Technical: Checks for key information elements from upstream context using element matching, critical marker detection (CRITICAL, IMPORTANT labels), and semantic overlap measurement between context and response.

Examples (non-technical):

Agent B ignores Agent A's research findings and redoes the analysis from scratch
Important warnings from a previous step are completely absent from the output
Agent says "based on prior analysis" but doesn't actually use any of the prior data

Examples (technical):

Upstream context contains CRITICAL: rate limit is 100 req/s but agent's output proposes 1000 req/s
Agent receives structured JSON context with 12 fields but only references 2 in its response
Context marked priority: high with 8 key findings -- agent's output mentions zero of them

Detection methods:

Element Matching: Checks for key information elements from upstream context
Critical Marker Detection: Flags when CRITICAL/IMPORTANT-labeled context is ignored
Conceptual Overlap: Measures semantic similarity between context and response
Reference Tracking: Verifies claims of context usage against actual content

F8: Information Withholding¶

Field	Value
Detector key	`withholding`
Tier	ICP
Severity	Medium
Accuracy	F1 0.800, P 0.667, R 1.000
MAST mapping	FM-2.4 Information Withholding

Plain language: The agent knows something important but didn't share it. It might have found a security issue but only reported "task completed successfully" -- hiding bad news or over-simplifying critical details.

Technical: Compares information density between the agent's internal state and its output, detecting critical omissions (errors, security issues), negative finding suppression, and excessive summarization loss.

Examples (non-technical):

Agent finds a security problem but reports only "everything looks good"
A 10-page analysis is summarized into 2 sentences, losing all the important details
Agent reports only the positive findings and hides all the errors it encountered

Examples (technical):

Agent's internal state contains {"vulnerabilities": [{"severity": "critical", ...}]} but output says "No issues found"
Input document has 47 data points; agent output references only 3
Agent discovers DeprecationWarning in 4 dependencies but output lists zero deprecations

Detection methods:

Information Density Comparison: Compares input richness against output content
Critical Omission Detection: Checks for missing high-importance information (errors, security, financial)
Negative Suppression Detection: Flags when negative findings are absent from positive-heavy reports
Semantic Retention Check: Uses embeddings to verify key concepts are preserved

Critical pattern weights:

Pattern	Weight
Errors/failures	1.0
Security/vulnerabilities	1.0
Time constraints	0.9
Financial info	0.8
Warnings	0.7
Deprecation notices	0.6

Sub-types: critical_omission, detail_loss, negative_suppression, selective_reporting, context_stripping

F9: Role Usurpation (Enterprise)¶

Field	Value
Detector key	`role_usurpation`
Tier	Enterprise
Severity	High
Accuracy	Benchmarking in progress
MAST mapping	FM-2.6

Plain language: The agent overstepped its role. A reviewer started making changes instead of just reviewing, or a support agent made admin-level decisions it wasn't authorized to make.

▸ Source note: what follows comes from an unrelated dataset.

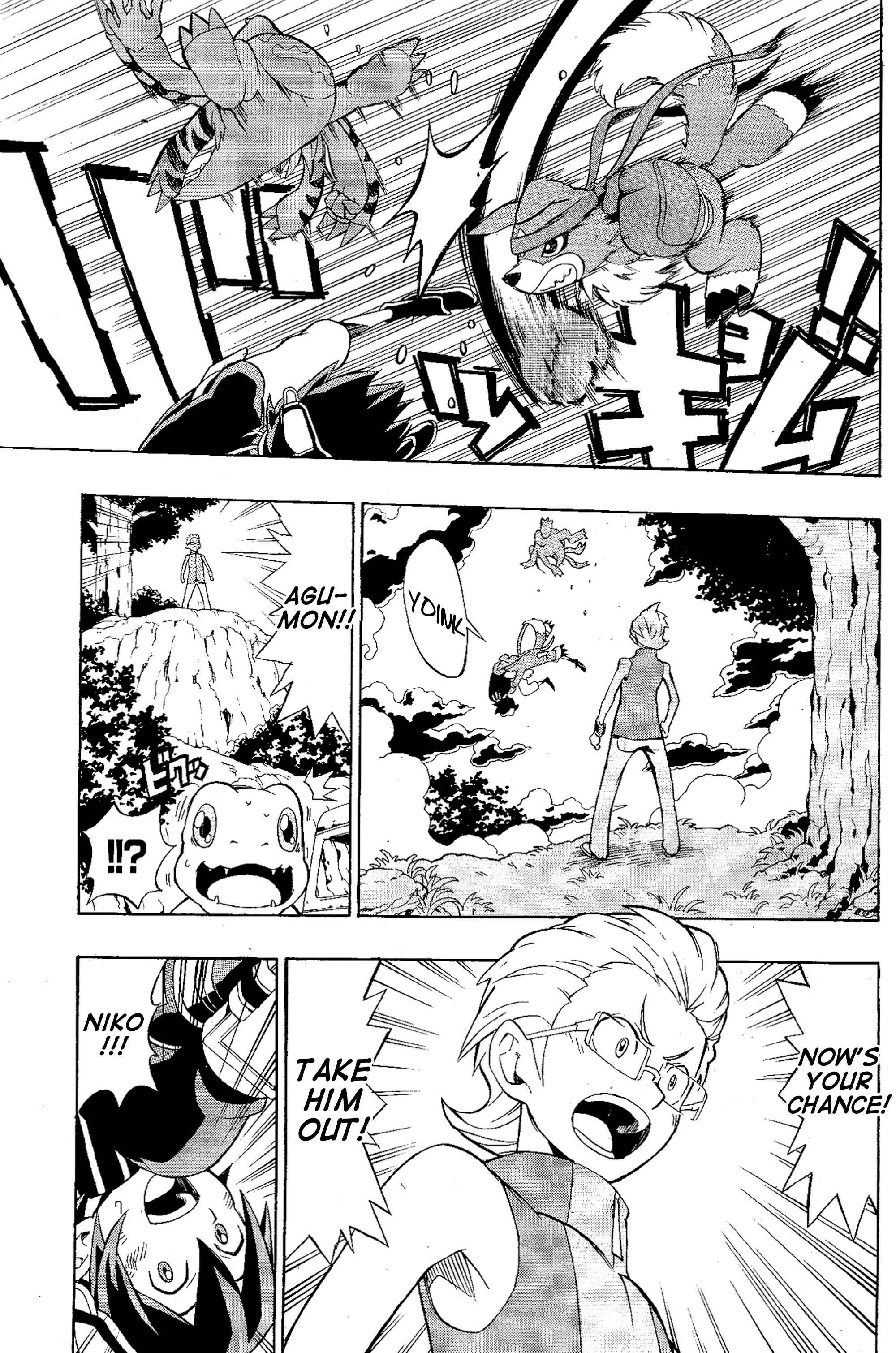 Page 11 Chapter 2 Digimon World Re:Digitize Encode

Technical: Validates agent actions against allowed/forbidden action sets defined in the role specification, detecting scope expansion, authority violations, and task hijacking through action-role boundary analysis.

Examples (non-technical):

A code reviewer starts rewriting the code instead of just reviewing it
A research assistant makes final product decisions that should be the manager's call
A support agent escalates itself to admin privileges without authorization

Examples (technical):

Agent with role: "reviewer" calls git commit and git push -- write actions outside its allowed_actions: ["comment", "approve", "request_changes"]
Agent with role: "data_analyst" executes DROP TABLE -- a DBA-only operation
Agent gradually expands: first reads files, then edits configs, then modifies production deployments

Detection methods:

Role Boundary Check: Validates actions against allowed/forbidden action sets
Scope Analysis: Detects gradual scope expansion beyond assignment
Authority Verification: Checks decision authority against role definition
Task Hijacking Detection: Identifies when agent takes over another agent's task

Sub-types: role_violation, scope_expansion, authority_violation, decision_overreach, task_hijacking

F10: Communication Breakdown¶

Field	Value
Detector key	`communication`
Tier	ICP
Severity	Medium
Accuracy	F1 0.667, P 0.571, R 0.800
MAST mapping	FM-2.1, FM-2.2, FM-2.5

Plain language: Agents are miscommunicating. One agent sends a message but the receiving agent misunderstands it -- like giving someone directions in kilometers when they expect miles.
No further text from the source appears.